The leading European human rights assembly on Thursday endorsed a resolution that called on Ramallah to stop paying salaries to the families of Palestinian terrorists. It also condemned the American decision to recognize Jerusalem as the capital of Israel and called for an increased European role in the Israeli-Palestinian peace process.
The resolution primarily deals with the consequences of US President Donald Trump’s December 6 declaration recognizing Jerusalem as Israel’s capital and promising to relocate the US embassy there.
“The role of the United States as a serious broker in the peace process was undoubtedly undermined by the declaration of its President on Jerusalem. Its future role should be based on a renewed attitude of neutrality in the peace process,” the resolution states.
“In this context, Europe should play a major role in the sponsorship and resumption of the peace process,” it continues.
Thursday’s resolution was approved hours before Trump declared in Davos that the US would no longer provide aid to the Palestinians if they refused to engage in US-brokered peace talks with Israel. He also said he’d taken Jerusalem “off the table” with his December 6 recognition, which had led the Palestinians to freeze ties with the US.
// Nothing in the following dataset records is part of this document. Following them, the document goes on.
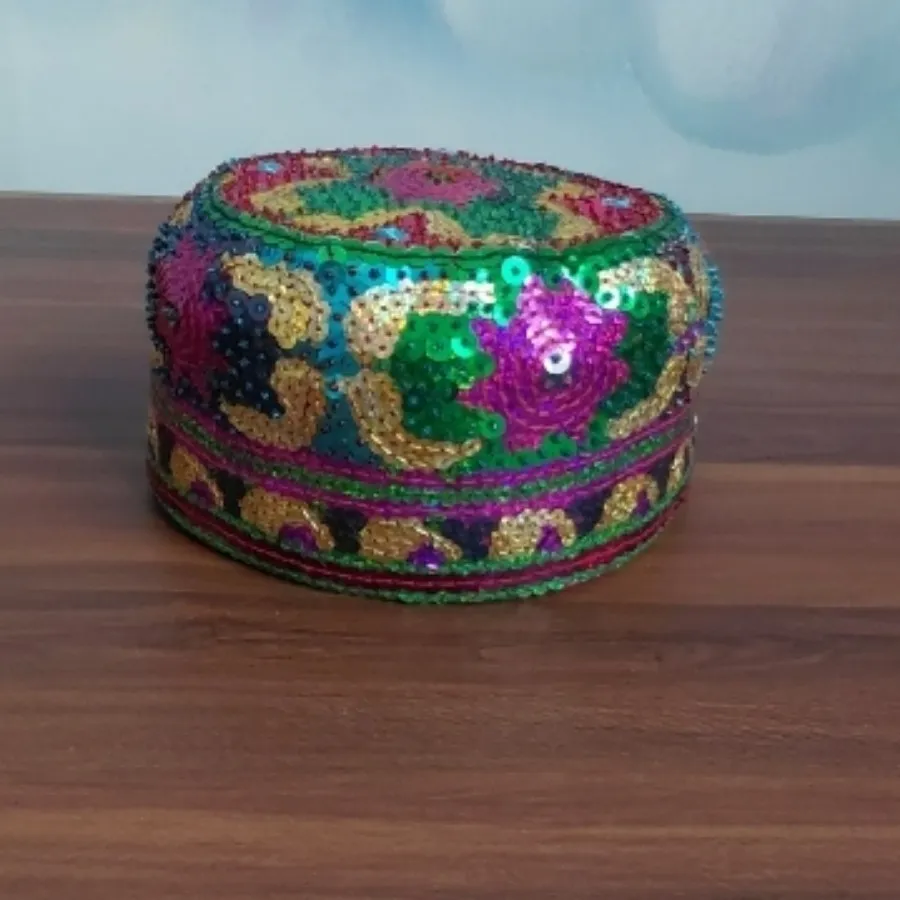 کلاه سنتی پولکی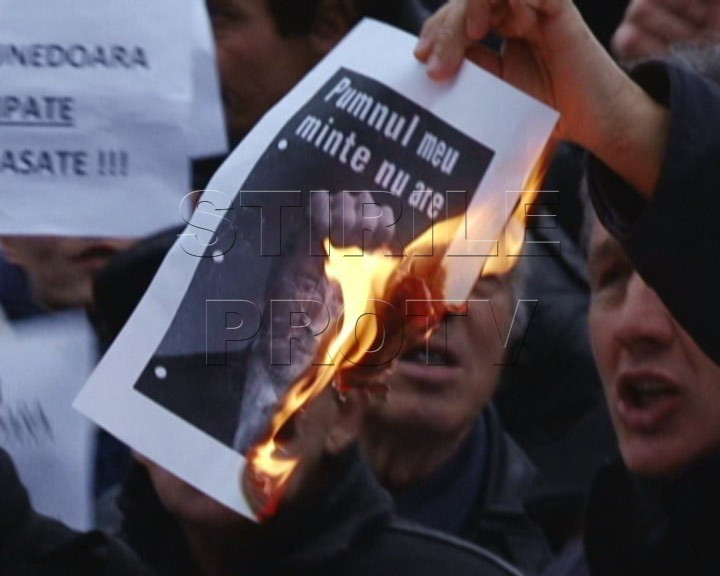 Cum vor sa scape protestatarii de clasa politica: "Cu usturoi, ca sa aruncam diavolii din tara"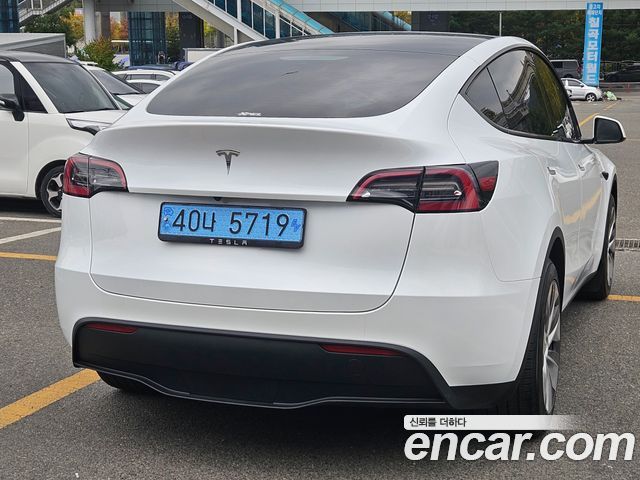 Tesla Model Y RWD 2024 — фото 6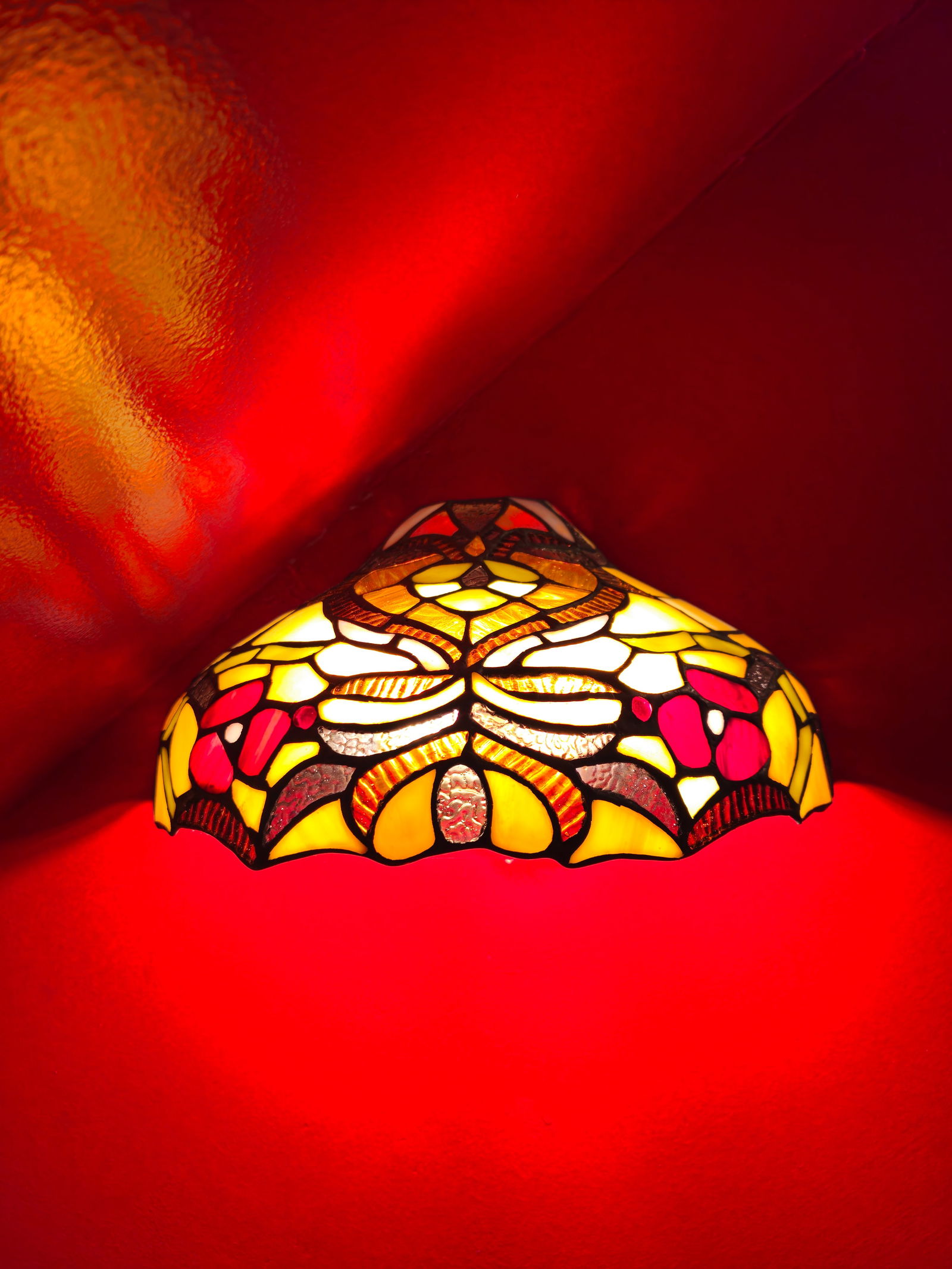 Vintage Tiffany Style 2 Light Stained Glass Wall Sconce 7"H X 12.5"W X 6"D: Vintage Tiffany Style 2 Light Stained Glass Wall Sconce 7"H X 12.5"W X 6"D BY REGISTERING FOR THIS SALE AND BIDDING ON ANY ITEM, ALL BIDDERS ARE ENTERING INTO A CONTRACT AND AGREE TO ABIDE BY AND ACCE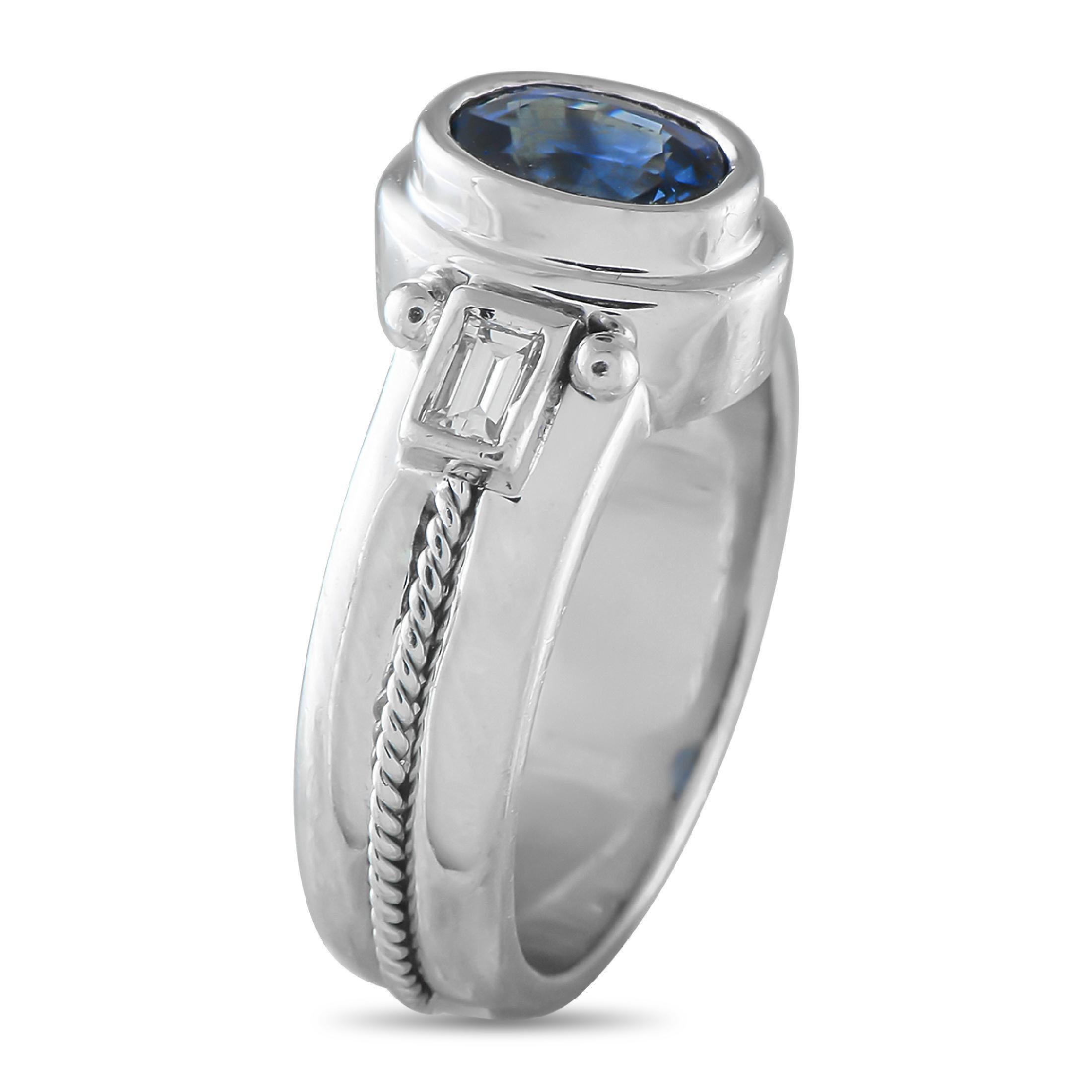 Cette bague de luxe est prête à apporter la touche finale parfaite à n'importe quel ensemble. Une monture ornée en or blanc 18 carats met en scène cet accessoire exquis. Un saphir ovale de 1,55 carat s'impose au centre, tandis que des baguettes de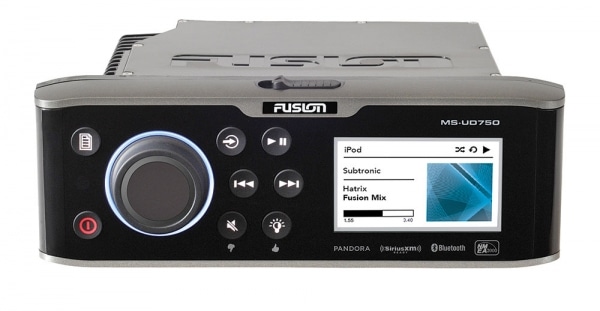 Fusion 650 and 750 Series Marine Stereos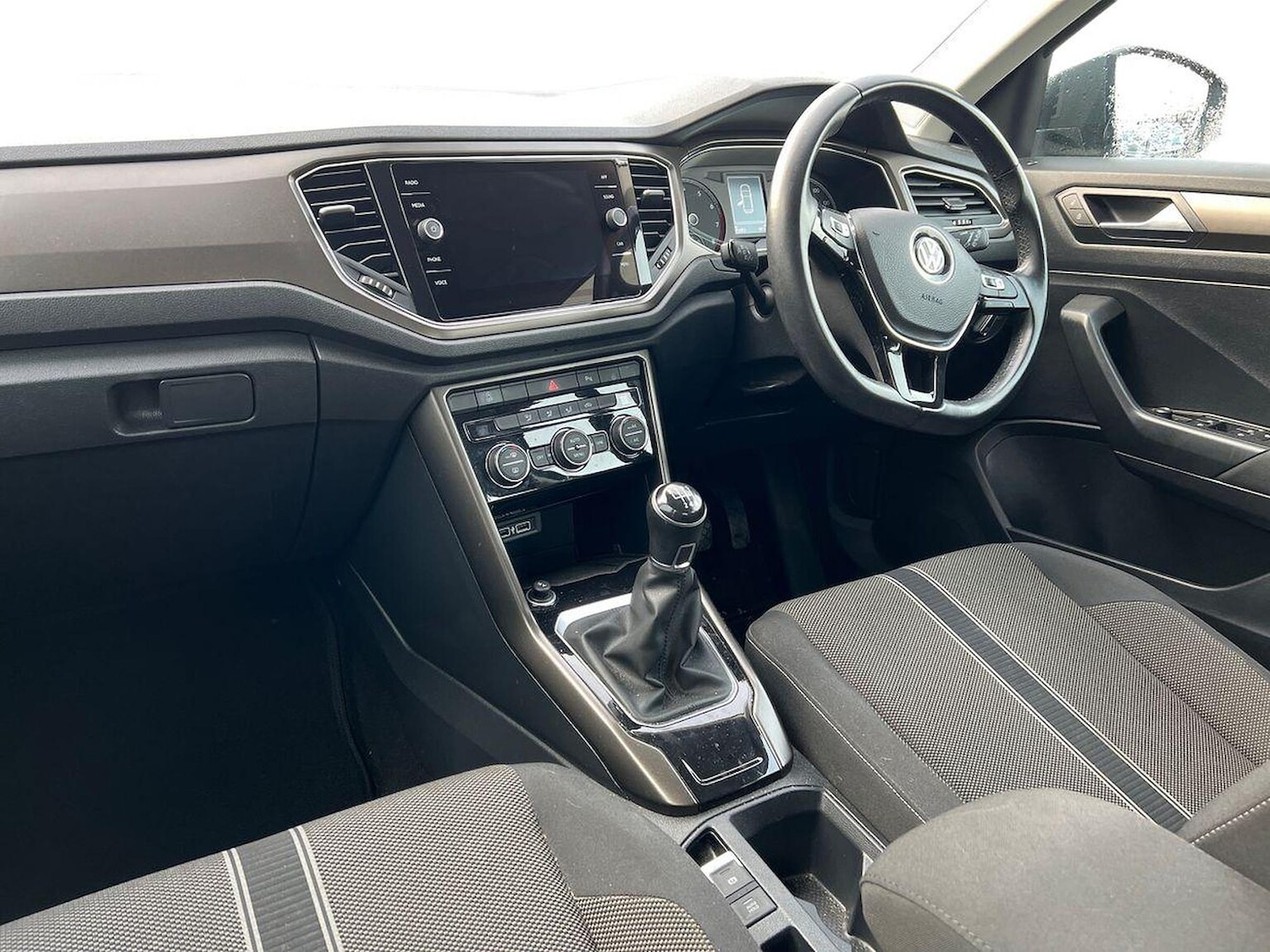 Used Volkswagen T-Roc 2018 for sale - 76725853: Photo 7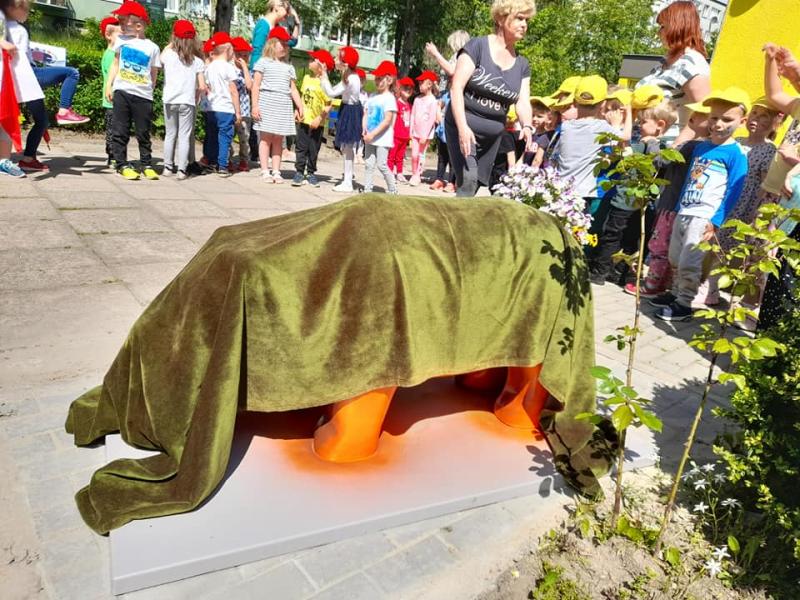 W PRZEDSZKOLU ZAMIESZKAŁ NIEDŹWIADEK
The resolution advocated for an increased European role in the peace process alongside the US and added that “decisive” action should be taken by the international community, including the Council of Europe, to create conditions for relaunching the peace process.
It also said the council believes the peace process “no longer seems to be a priority for the USA, for Europe and for some Arab States.”
Israelis and Palestinians have not sat together at the negotiating table since US-backed talks fell apart in 2014.
In what appeared to be a small diplomatic coup for Israel, the resolution included a clause condemning Ramallah’s policy of paying terrorists jailed in Israel and the families of so-called ‘martyrs’ a monthly salary. The clause did not appear in an early draft of the resolution seen by The Times of Israel on Tuesday.
It marked the first time the Council of Europe has called on the Palestinian Authority to stop financing terror activities against Israel, said Israel’s ambassador to the human rights body.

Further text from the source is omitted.